In the experiment section, we showed reconstruction MSE for LTI as a function of the auxiliary dataset size and the shift factor $\beta$. 
For completeness, we show the corresponding PSNR, LPIPS and SSIM curves in \autoref{fig:ablation_appendix_size} and \autoref{fig:ablation_appendix_shift}.
Similar to Figure 2 in the main text, when reducing the auxiliary dataset size (\emph{e.g.}, from $50,000$ to $5,000$) or reducing the proportion of in-distribution data (\emph{e.g.}, from $\beta=1$ to $\beta=0.1$), the performance of LTI does not worsen significantly.

\section{Additional Examples}

\begin{figure}[b]
    \centering
    \includegraphics[width=0.85\linewidth]{sections/figs/image_examples_more.pdf}
    \caption{Additional samples from CIFAR10 and their reconstructions from the gradient of LeNet.}
    \label{fig:img_example_more}
\end{figure}
\begin{figure}[b]
    \centering
    \includegraphics[width=0.85\linewidth]{sections/figs/image_examples_resnet.pdf}
    \caption{Additional samples from CIFAR10 and their reconstructions from the gradient of ResNet20.}
    \label{fig:img_example_resnet}
\end{figure}

\begin{figure}[h]
    \centering
    \includegraphics[width=\linewidth]{sections/figs/text_examples_cola.pdf}
    \caption{Samples from CoLA and their reconstructions.}
    \label{fig:text_example_cola}
\end{figure}

\begin{figure}[h]
    \centering
    \includegraphics[width=\linewidth]{sections/figs/text_examples_wikitext.pdf}
    \caption{Samples from Wikitext and their reconstructions.}
    \label{fig:text_example_wikitext}
\end{figure}

\subsection{Examples on Vision Data}
\autoref{fig:img_example_more} shows additional samples and the reconstructions of attacks under various defense mechanisms on CIFAR10 dataset when the gradients are computed from LeNet.
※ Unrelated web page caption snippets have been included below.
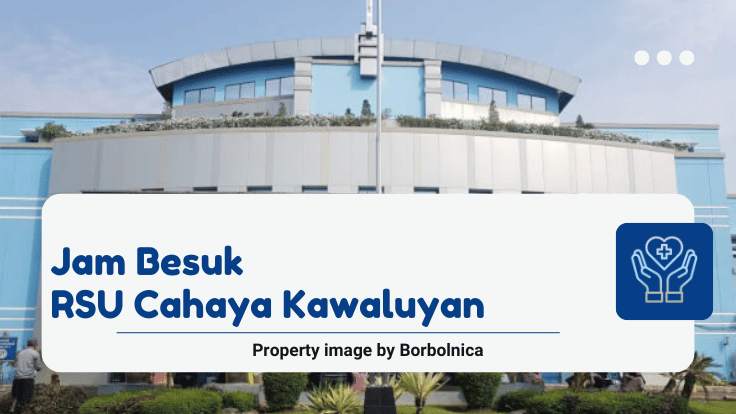 Jam Besuk RSU Cahaya Kawaluyan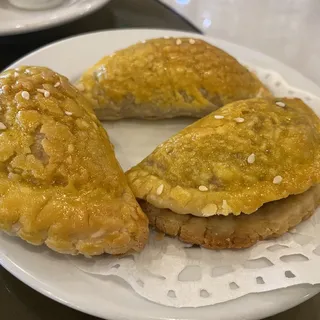 26. Barbecue Pork Pastry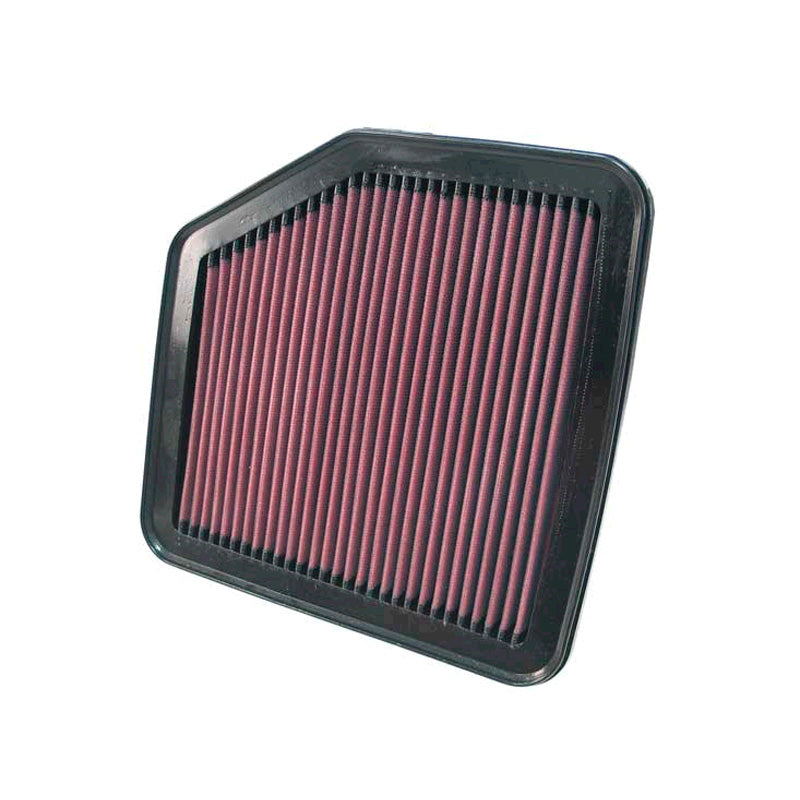 K&N paneelisuodatin, sopii Lexus GS350, GS430, IS220, IS250, IS350 / Toyota RAV4 2006-2013 (33-2345)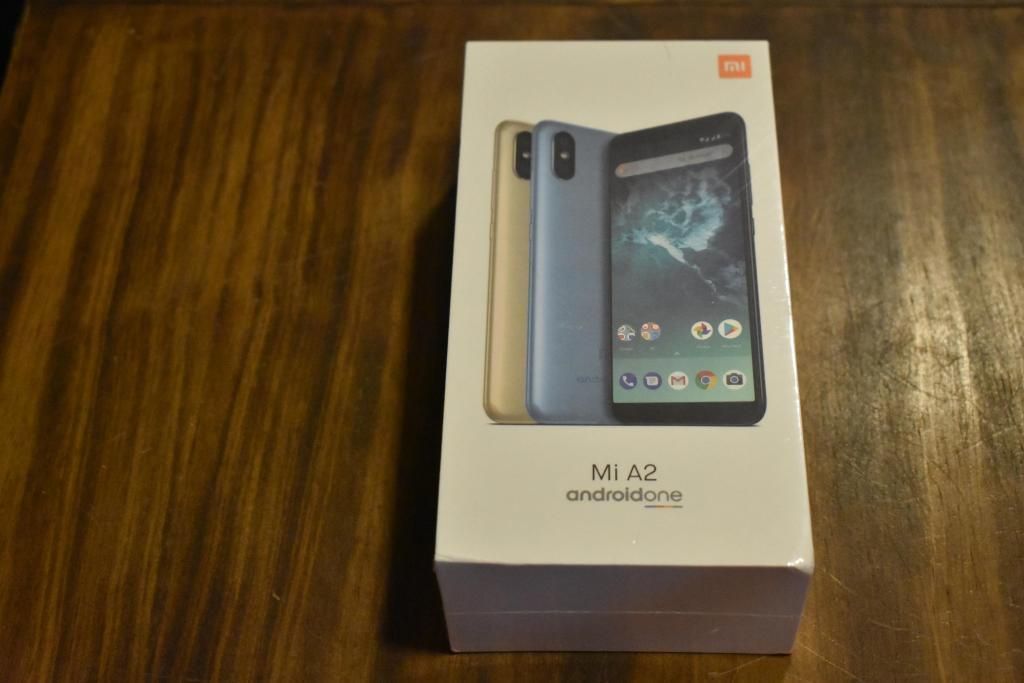 Xiaomi Mi A2 Nuevos Garantizados gb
Similar to what we observe from the figure in the main text, all attacks can mostly reconstruct the data when there is no defense mechanism applied, while LTI is the only successful method when the defense mechanisms are applied. 

\autoref{fig:img_example_resnet} shows the examples when the FL model is ResNet20. We can observe that LTI is the only method that can reveal the partial object information of the original images across all gradient settings (including the setting where no defense mechanism is applied.)

\subsection{Examples on Language Data}
\autoref{fig:text_example_cola} shows three samples, including two good examples and one bad example (w.r.t. LTI), from CoLA dataset and their reconstructions when different defense mechanisms are applied.
The first observation is that LTI significantly performs better than TAG especially when the defense mechanisms are applied. Moreover, we find that the reconstruction error types of the two methods are different.
The error of TAG comes from both the wrong token prediction and the wrong token position prediction. In the reconstruction of TAG, many random tokens appear. 
Though the error of TAG is mostly the wrong token prediction, while the wrong tokens are the tokens with the high frequencies such as "the".

We also show three samples from WikiText dataset and the gradient inversion results from TAG and LTI in \autoref{fig:text_example_wikitext}. 
The comparison between TAG and LTI matches the results of quantitative evaluation in the main text: TAG has perfect performance when sign compression is applied, while LTI outperforms TAG in the other three settings.